====== Source data ======

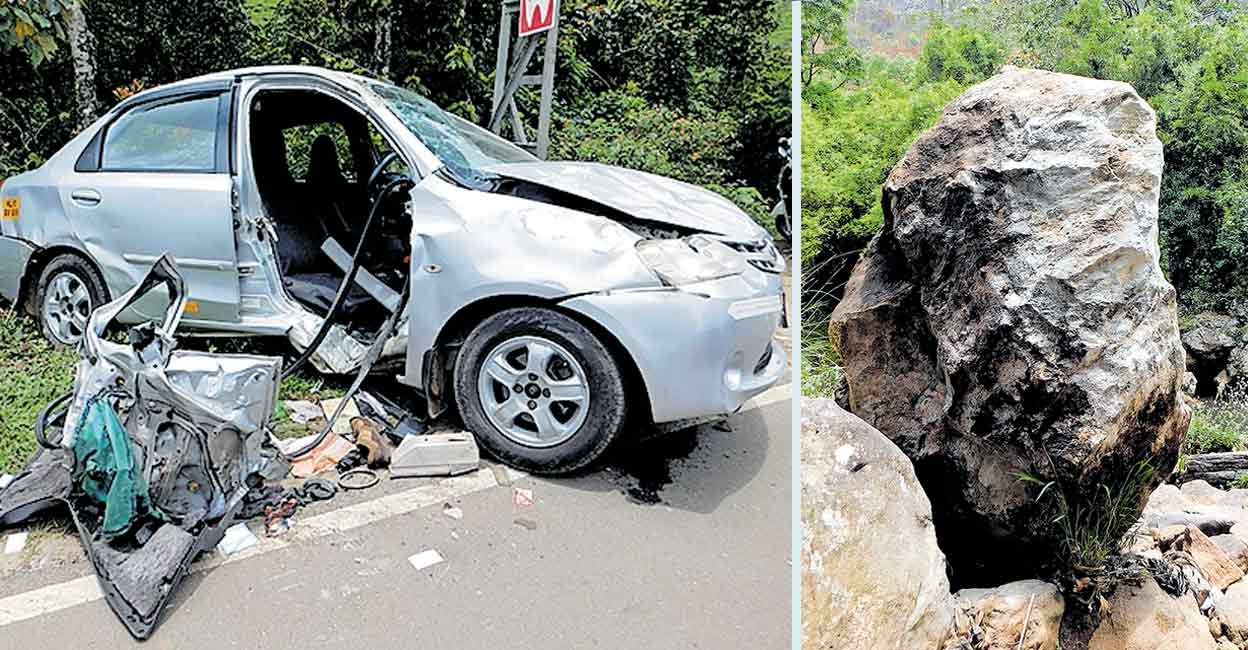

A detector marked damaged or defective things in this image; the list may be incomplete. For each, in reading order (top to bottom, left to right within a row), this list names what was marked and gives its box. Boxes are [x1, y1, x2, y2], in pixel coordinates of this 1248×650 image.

shattered windshield [364, 81, 534, 184]
detached car door [66, 89, 238, 321]
crumpled car hood [484, 160, 768, 242]
damaged silver car [0, 64, 778, 471]
broken plastic piece [391, 431, 479, 476]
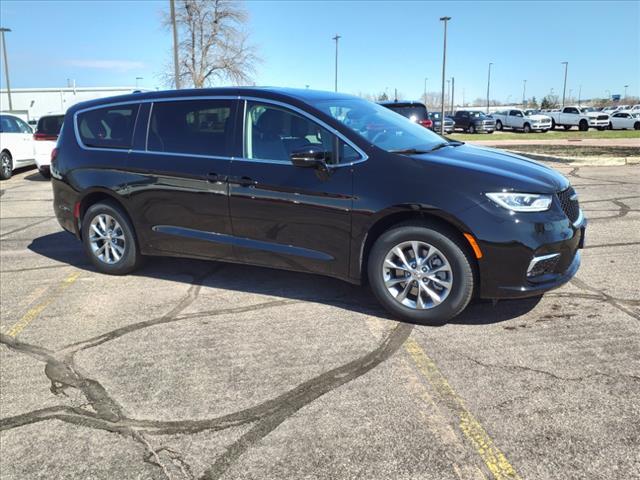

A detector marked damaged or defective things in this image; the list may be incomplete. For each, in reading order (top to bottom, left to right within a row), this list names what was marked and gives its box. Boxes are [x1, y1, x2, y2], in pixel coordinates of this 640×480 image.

cracked pavement [0, 163, 636, 478]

======

- _Your task_
Would you transcribe, unchanged, every line of the material from the one containing "this 640×480 image." to the very end, including both, and nothing else?

- _Reply to the exercise_
A detector marked damaged or defective things in this image; the list may be incomplete. For each, in reading order (top to bottom, left to right within a row), this list names what was marked and gives its box. Boxes are [x1, y1, x2, y2], in pixel coordinates of this 640×480 image.

cracked pavement [0, 163, 636, 478]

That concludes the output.